Néanmoins, malgré ses nombreux défauts de production, difficile de vraiment bouder son plaisir devant Le Problème à 3 corps. Pas du tout adepte du binge-watching habituellement, force est de constater que cette méthode de diffusion à son intérêt aujourd’hui. Avec 8 épisodes allant de 40 minutes à 1 heure (sans les longs crédits habituels) cette première saison se consomme sans mal. De plus, elle est parsemée de quelques fulgurances d’hémoglobines (une principalement) qui rappellent la vision radicale des scénaristes.
Le Problème à 3 corps est par conséquent un objet hybride, parfois inqualifiable.

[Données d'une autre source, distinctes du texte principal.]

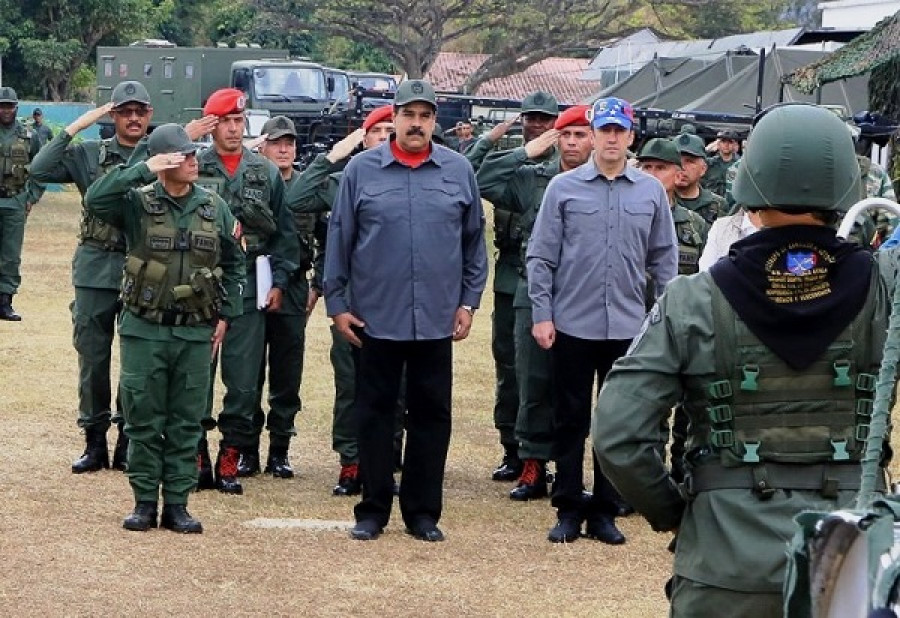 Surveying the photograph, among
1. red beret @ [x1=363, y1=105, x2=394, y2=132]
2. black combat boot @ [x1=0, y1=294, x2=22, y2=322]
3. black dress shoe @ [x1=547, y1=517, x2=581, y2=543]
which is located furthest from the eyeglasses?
black combat boot @ [x1=0, y1=294, x2=22, y2=322]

À la fois traversé par une intrigue géopolitique prometteuse (puis plus du tout), des attraits de Science-fiction dense (mais balayé d’un revers de la main), d’une partie thriller pour la forme, dramatique pour donner corps à ses personnages, quelques touches d’humours (il n’en fallait pas plus) et s’avère sanglante, parfois gratuitement.
Ses résultats de production sont également assez décevants. Notamment, quand ils réduisent la série à une pléthore d’effets spéciaux de moyenne facture et une mise en scène tout à fait impersonnelle. (Et sans fulgurances aucune). Un constat également applicable sur la très linéaire bande-son pourtant signé Ramin Djawadi.
CONCLUSION
De ce fait, on assiste à la réalisation la plus concrète d’un produit Netflix par excellence : Prometteur, mais farouchement gangrenés par des standards de production sans charmes. Fatalement, oui, Le Problème à 3 corps est une déception.
Selon l’accueil du show sur la plateforme, espérons que les showrunners sauront radicaliser leur œuvre à l’avenir. Leurs plans étant de faire 3 à 4 saisons (pour adapter le deux autres Tomes) l’espoir est permis.
Les + :
- Le (grand) retour (chez les rouges) de deux scénaristes hors pair (cette fois accompagnés) pour une nouvelle adaptation inadaptable.
- Un résultat largement imparfait, mais tout à fait entraînant sur la longueur.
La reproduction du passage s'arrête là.